Cliches become cliches for a reason, and ‘culture eats strategy for breakfast’ is one such example. As experts within the people profession, you will know culture is multifaceted; that it is hard to define, harder to measure – but that it is everything.
Since the release of its 2016 paper Corporate Culture and the Role of Boards (on which the CIPD was a partner), the Financial Reporting Council (FRC) has taken an ever increasing interest in people issues, with a recognition that culture is a critical enabler of sustainable long-term performance. The recently updated Corporate Governance Code requires PLCs to provide information on employee engagement and how they are capturing employee voice. For large private companies, the Wates Principles provide similar guidance.

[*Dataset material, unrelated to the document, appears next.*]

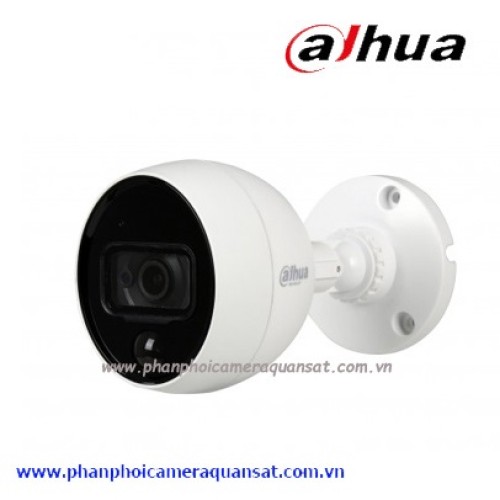 Camera Dahua HAC-ME1400BP-PIR 4.0 Megapixel, đại lý, phân phối,mua bán, lắp đặt giá rẻ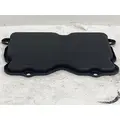 CUMMINS NH/NT 855 Valve Cover thumbnail 4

This all presents a huge opportunity for HR leaders to play an integral, expert and unique role at board level, representing as they do (or at least should) people and cultural expertise within the business.
At this critical time for the profession, the CIPD is delighted to be collaborating with the FRC, as the regulator develops practical guidance and insight around how businesses have adopted the revised corporate governance code and how organisations define, assess and monitor culture more widely. We are holding a series of discussions with senior people professionals and the FRC to gather insight, give feedback and share ideas.
I write this fresh from our first fascinating discussion, convened by CIPD Scotland in Edinburgh, where participants agreed that boards are taking more of an interest in people and culture issues. This has been fuelled in part by a number of external push factors – gender pay gap reporting, the revised code, increasing public and governmental scrutiny over executive pay, investor pressure and high profile corporate failures. One attendee also reflected that as boards become more diverse, the interest in people and cultural issues has increased. Those who have not come through the traditional route to chairman (and it is usually still a man) tend to see things differently, questioning how systems need to change to become fairer and more inclusive.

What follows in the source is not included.